The Price of Historical Power
Impelled by originary love to proffer beauties of sensuous emergence of oneself and of one’s originary outreach to the world, an individual becomes a persona in a sustained action dedicated to sufficient ongoing (historical) ground.
A prospecting subject, hungry for treasure and stung by setbacks and obstacles recorded upon the scoreboard that socioeconomic history erects to delimit sufficiency, offers itself as the bedrock of human existence. Within the phenomenality of that offer, there strikes, from another bedrock, like the onset of food poisoning, a realization that something about the spectre posing as one’s real presence is drastically erroneous.
The genius of Christianity consists in its deployment of the phenomenon of love. The desperate premise of loving a supernatural humanoid translates in action as a cherishing of sensuous phenomena.
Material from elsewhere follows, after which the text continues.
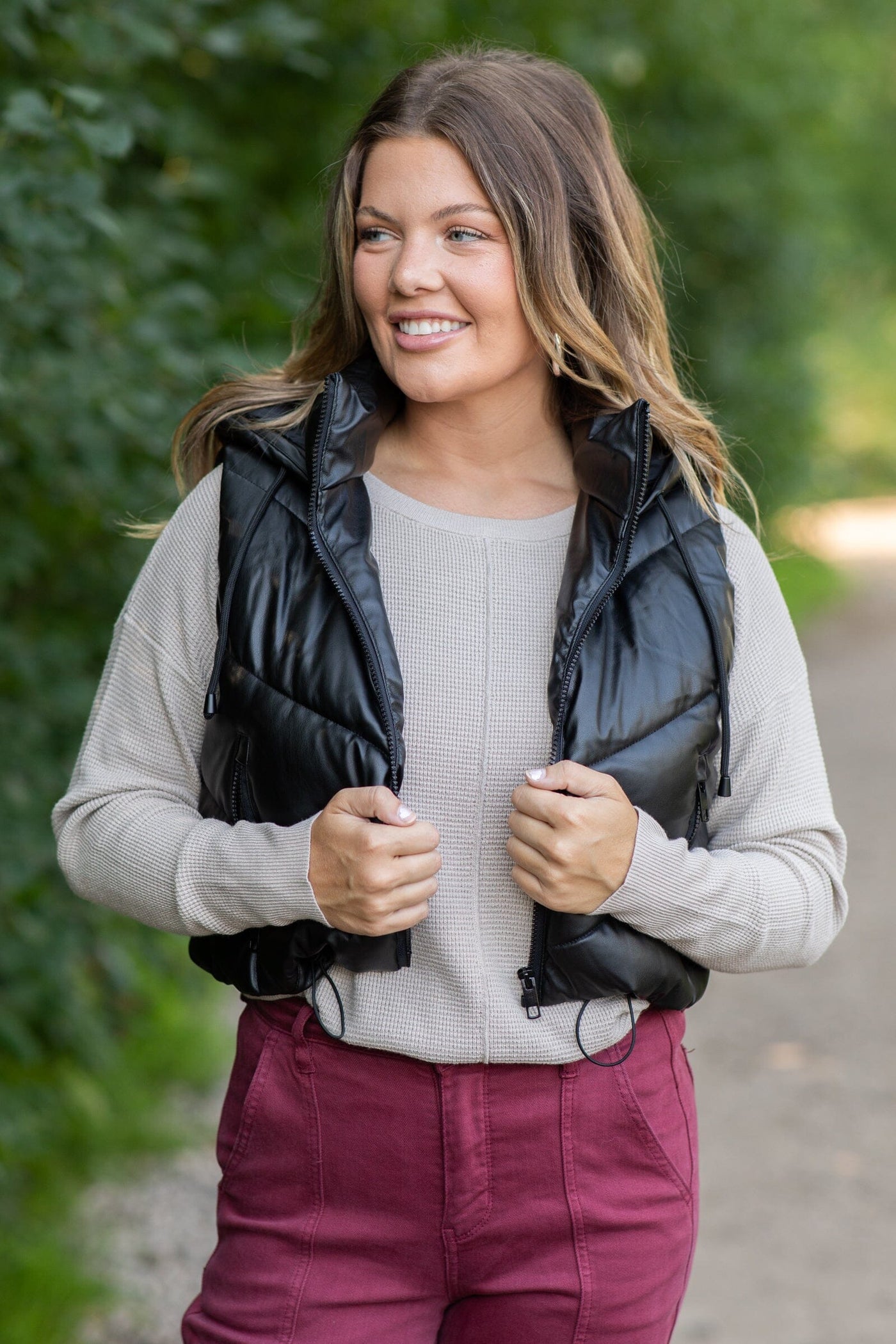 Black Hooded Channel Quilted Puffer Vest - Filly Flair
The most telling self-exposure submitting social experience to natural scientific method, and one that sets the tone (however unbeknown) for subsequent humanist politics, is the "Utilitarian" doctrine presented by Jeremy Bentham (1748-1832). Bentham’s scientism takes the form of favouring actions on the basis of a "hedonic calculus," which presumes to know the standing of intentions in terms of "units" of pleasure or pain they cause. The overriding moral principle (the "greatest happiness principle") would be to aim for the greatest happiness (i.e., the greatest amount [units] of pleasure) for the greatest number.
It [science] rests its case for world-historical integrity upon a bedrock of conceptual and mathematical precision about which, it supposes, no sane individual could make trouble. Whereas the sufficiencies promoted by religion and humanitarianism are thunderously questionable and therefore have to be sustained by all manner of coercive partisanship, the laws of science exert their own quiet control.
However, exponents of the rational sufficiencies of science, fortified by centuries of progress in disclosing basic features of the universe and in producing enhancements for human experience, tend, in our time, to engage outstanding issues of explication not merely with zeal for knowing the hitherto unknown but with a patronizing contempt and muted impatience toward those not demonstrating what it takes to be one of the masters of world history.